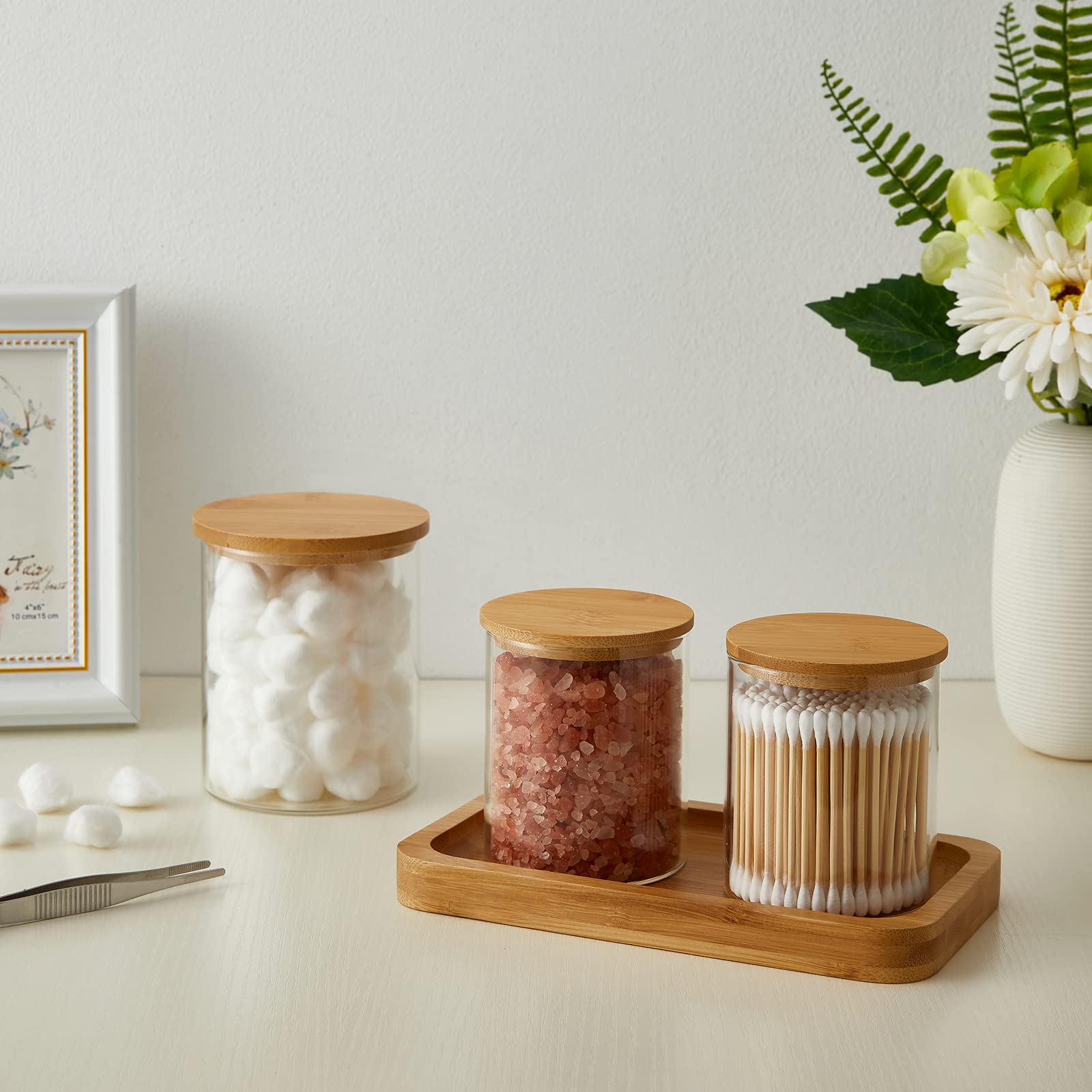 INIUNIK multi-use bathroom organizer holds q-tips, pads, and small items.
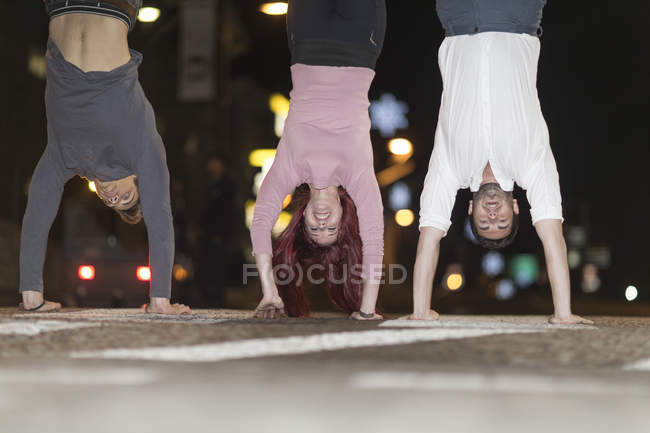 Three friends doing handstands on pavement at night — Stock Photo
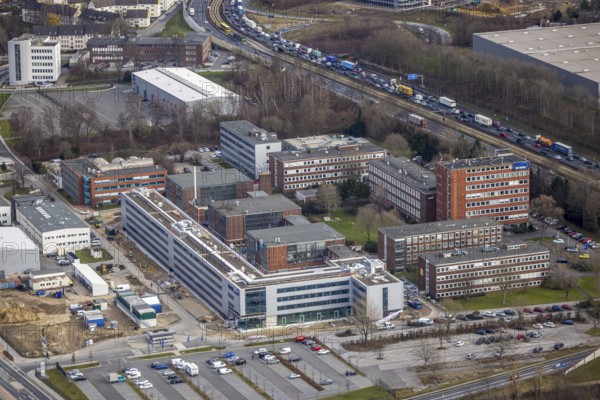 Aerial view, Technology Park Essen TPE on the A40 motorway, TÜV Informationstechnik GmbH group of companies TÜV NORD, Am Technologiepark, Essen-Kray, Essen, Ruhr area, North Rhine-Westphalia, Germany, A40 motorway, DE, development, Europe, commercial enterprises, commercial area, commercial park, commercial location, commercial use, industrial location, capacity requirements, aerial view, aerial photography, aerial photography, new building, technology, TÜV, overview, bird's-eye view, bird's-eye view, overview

◆ Task to complete: A verbatim copy of the material, pictures excluded, is what must be produced.

◆ Result:
 INIUNIK multi-use bathroom organizer holds q-tips, pads, and small items.
 Three friends doing handstands on pavement at night — Stock Photo
 Aerial view, Technology Park Essen TPE on the A40 motorway, TÜV Informationstechnik GmbH group of companies TÜV NORD, Am Technologiepark, Essen-Kray, Essen, Ruhr area, North Rhine-Westphalia, Germany, A40 motorway, DE, development, Europe, commercial enterprises, commercial area, commercial park, commercial location, commercial use, industrial location, capacity requirements, aerial view, aerial photography, aerial photography, new building, technology, TÜV, overview, bird's-eye view, bird's-eye view, overview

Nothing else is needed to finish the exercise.